Aim of the task:
Beginning at the line that contains "CELINE Macadam Canvas" and finishing at the line that contains "Donut Pop bonus buy menu", output the data below exactly. Include both end lines and no pictures.

Information:
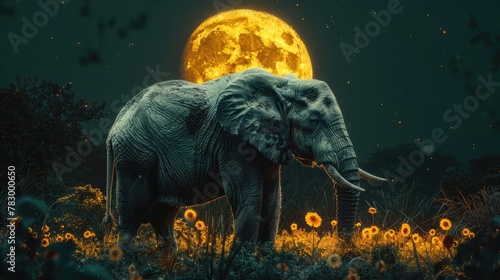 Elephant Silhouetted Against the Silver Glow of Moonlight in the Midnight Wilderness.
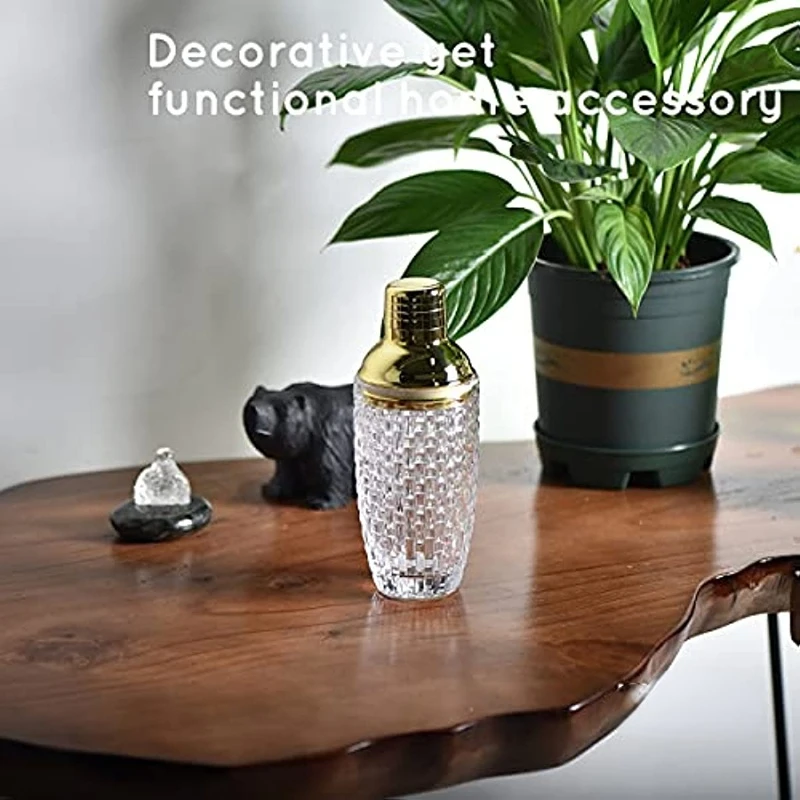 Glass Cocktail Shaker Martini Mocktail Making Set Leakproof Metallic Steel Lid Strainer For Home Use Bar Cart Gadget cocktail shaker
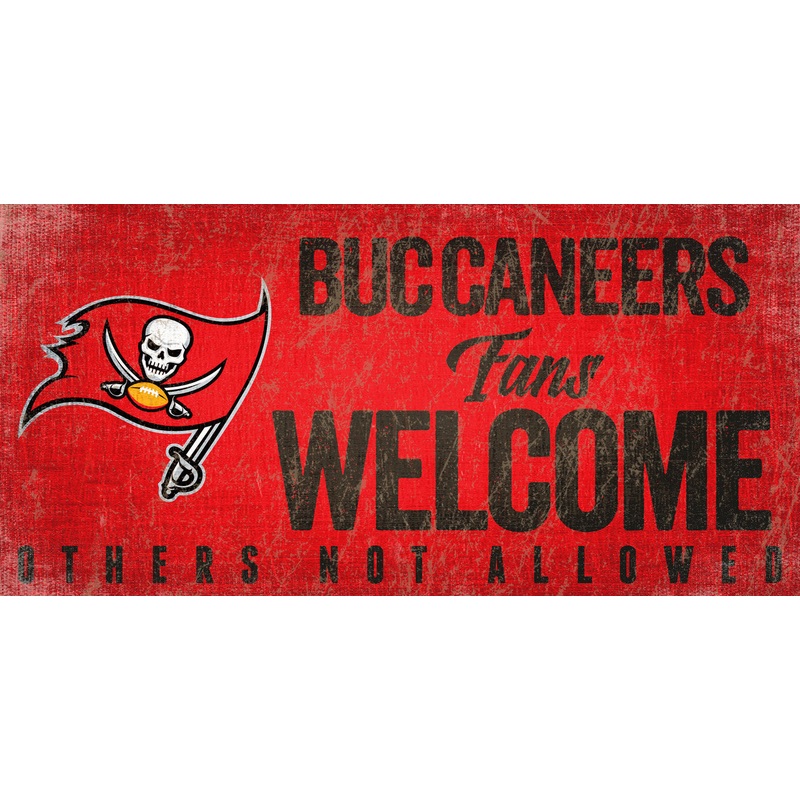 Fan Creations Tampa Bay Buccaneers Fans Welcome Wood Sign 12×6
==
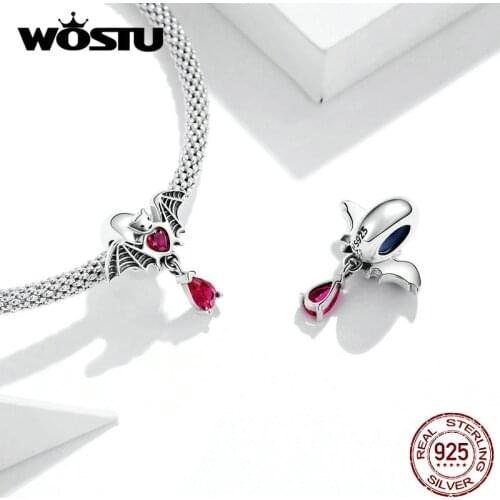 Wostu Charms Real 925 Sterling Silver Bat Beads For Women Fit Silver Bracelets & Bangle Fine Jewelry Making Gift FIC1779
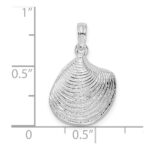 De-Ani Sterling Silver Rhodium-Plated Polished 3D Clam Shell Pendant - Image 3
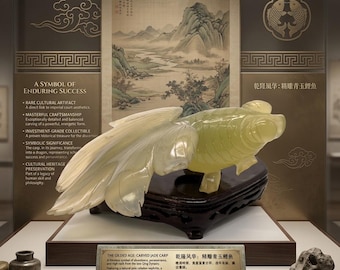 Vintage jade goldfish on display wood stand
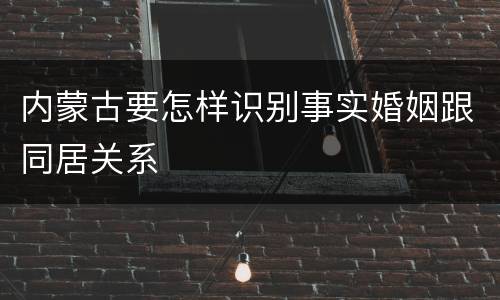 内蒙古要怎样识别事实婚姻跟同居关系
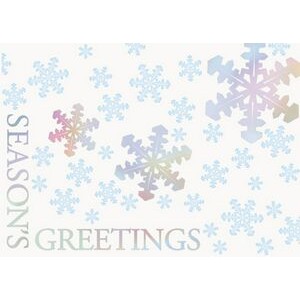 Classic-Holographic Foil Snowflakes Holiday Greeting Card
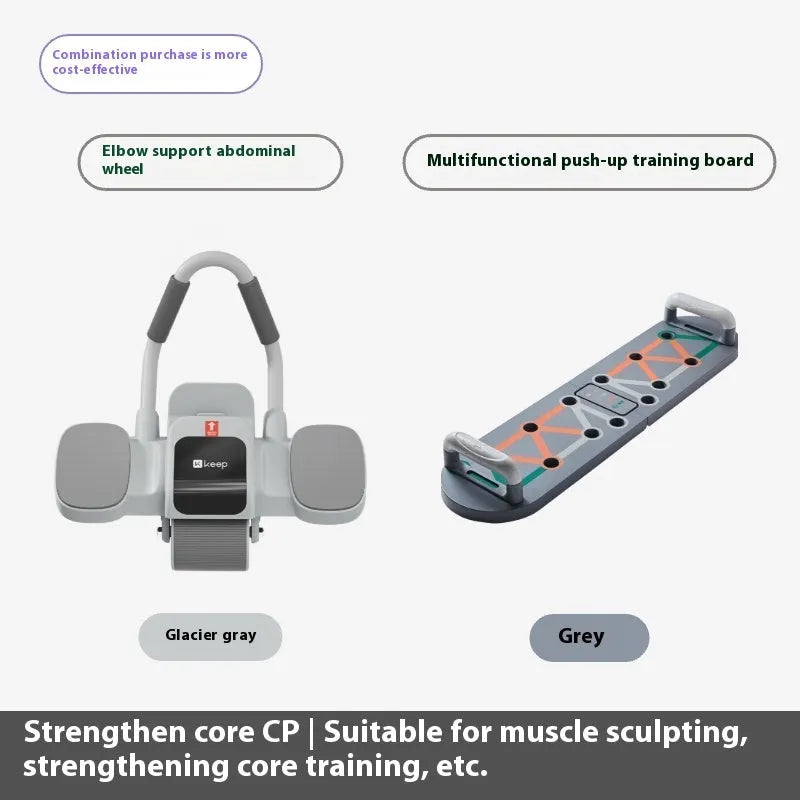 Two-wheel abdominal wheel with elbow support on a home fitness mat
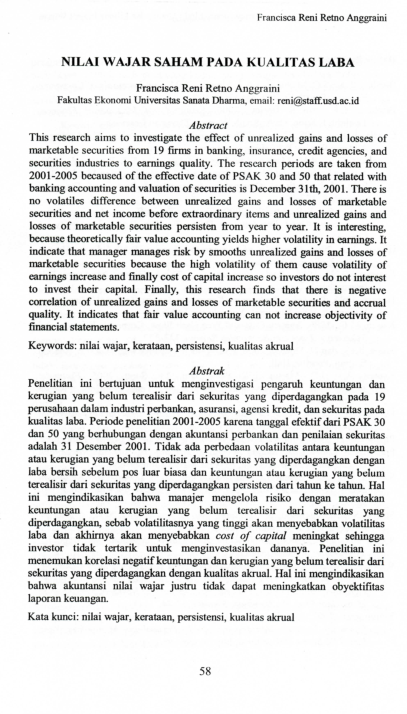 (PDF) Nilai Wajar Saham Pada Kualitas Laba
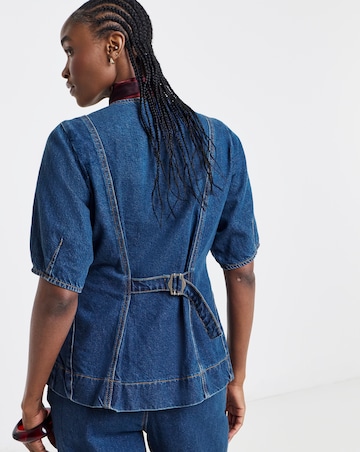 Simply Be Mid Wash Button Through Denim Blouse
==
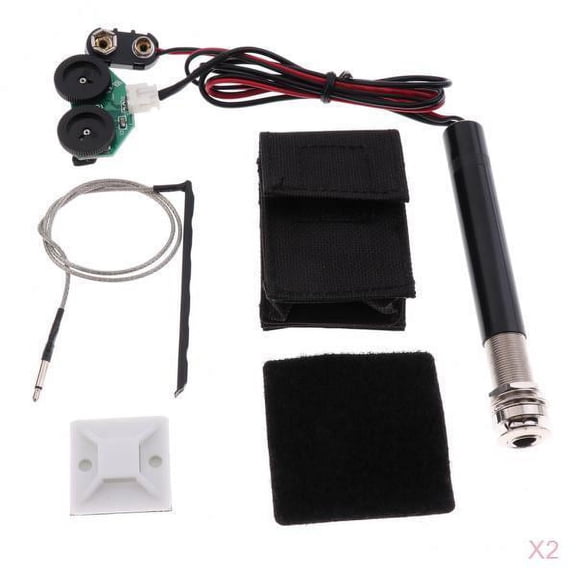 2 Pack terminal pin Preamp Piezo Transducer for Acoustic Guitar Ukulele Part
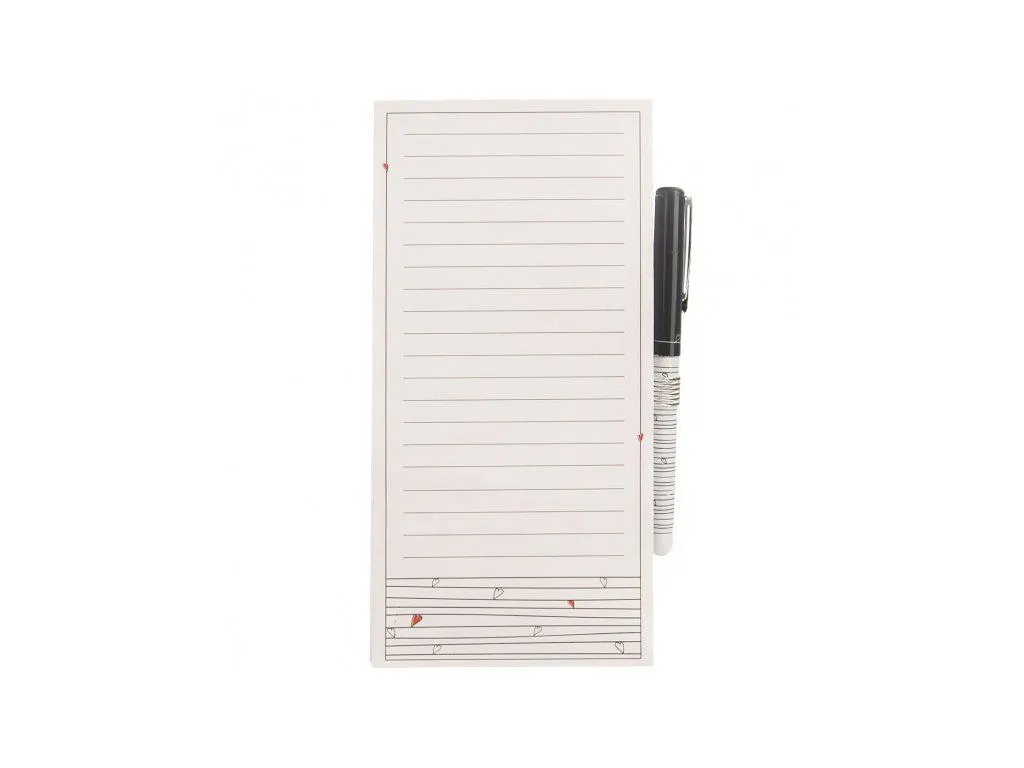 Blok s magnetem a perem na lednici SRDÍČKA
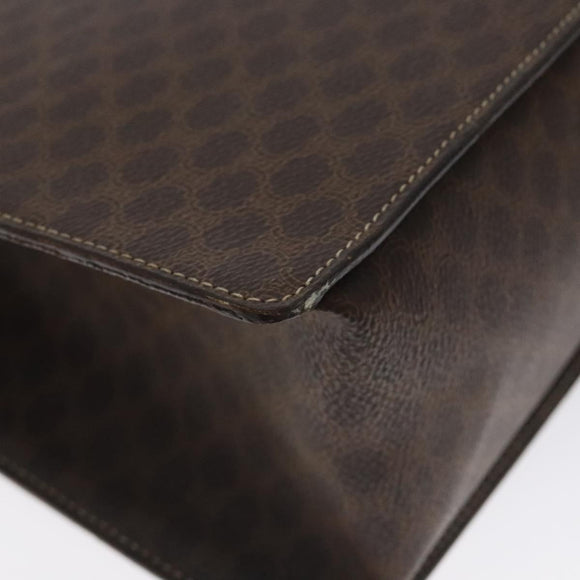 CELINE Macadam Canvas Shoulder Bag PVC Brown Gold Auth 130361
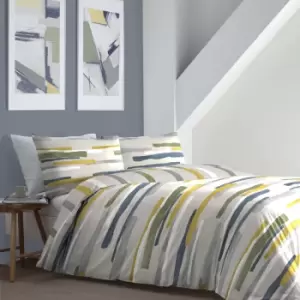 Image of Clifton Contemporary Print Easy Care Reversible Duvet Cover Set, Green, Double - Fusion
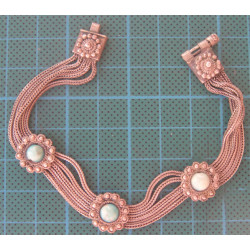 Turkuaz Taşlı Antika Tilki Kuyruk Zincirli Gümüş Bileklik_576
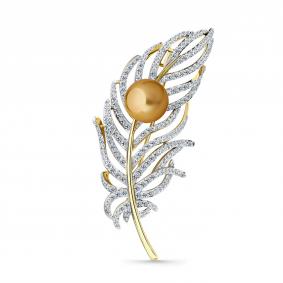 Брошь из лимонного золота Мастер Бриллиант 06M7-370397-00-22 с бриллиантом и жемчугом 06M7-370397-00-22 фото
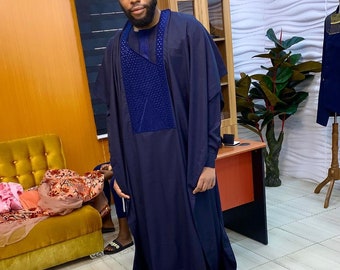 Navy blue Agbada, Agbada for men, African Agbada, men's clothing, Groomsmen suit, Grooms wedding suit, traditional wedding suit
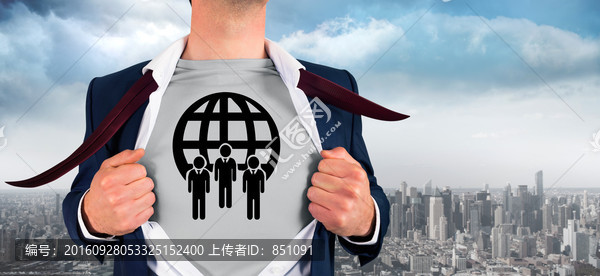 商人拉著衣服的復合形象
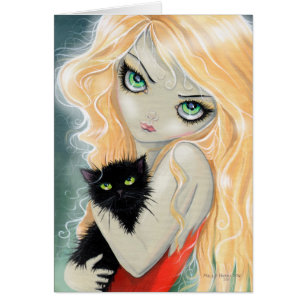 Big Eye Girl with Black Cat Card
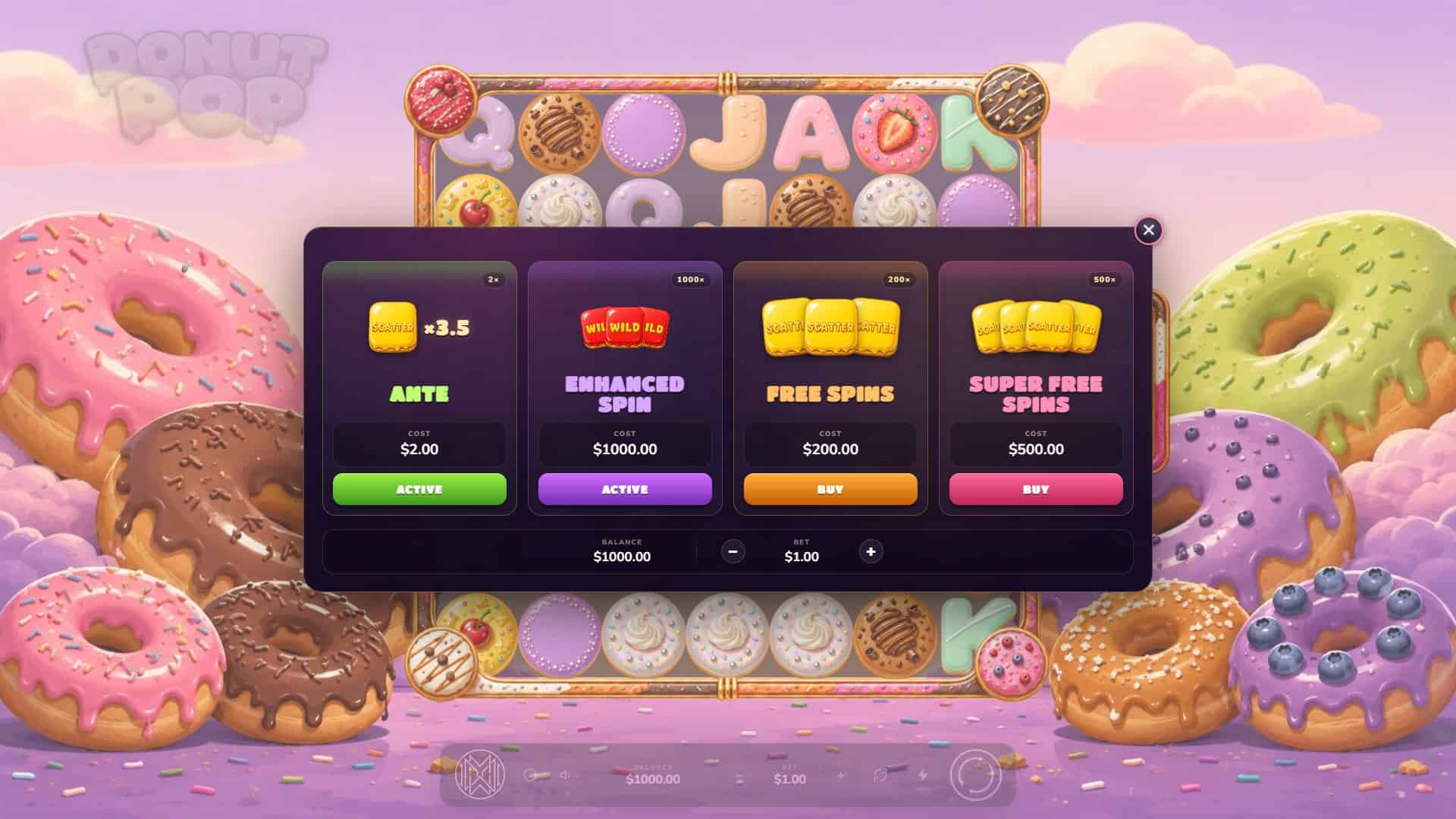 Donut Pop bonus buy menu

Output of the exercise:
 CELINE Macadam Canvas Shoulder Bag PVC Brown Gold Auth 130361
 Image of Clifton Contemporary Print Easy Care Reversible Duvet Cover Set, Green, Double - Fusion
 Turkuaz Taşlı Antika Tilki Kuyruk Zincirli Gümüş Bileklik_576
 Брошь из лимонного золота Мастер Бриллиант 06M7-370397-00-22 с бриллиантом и жемчугом 06M7-370397-00-22 фото
 Navy blue Agbada, Agbada for men, African Agbada, men's clothing, Groomsmen suit, Grooms wedding suit, traditional wedding suit
 商人拉著衣服的復合形象
 Big Eye Girl with Black Cat Card
 Donut Pop bonus buy menu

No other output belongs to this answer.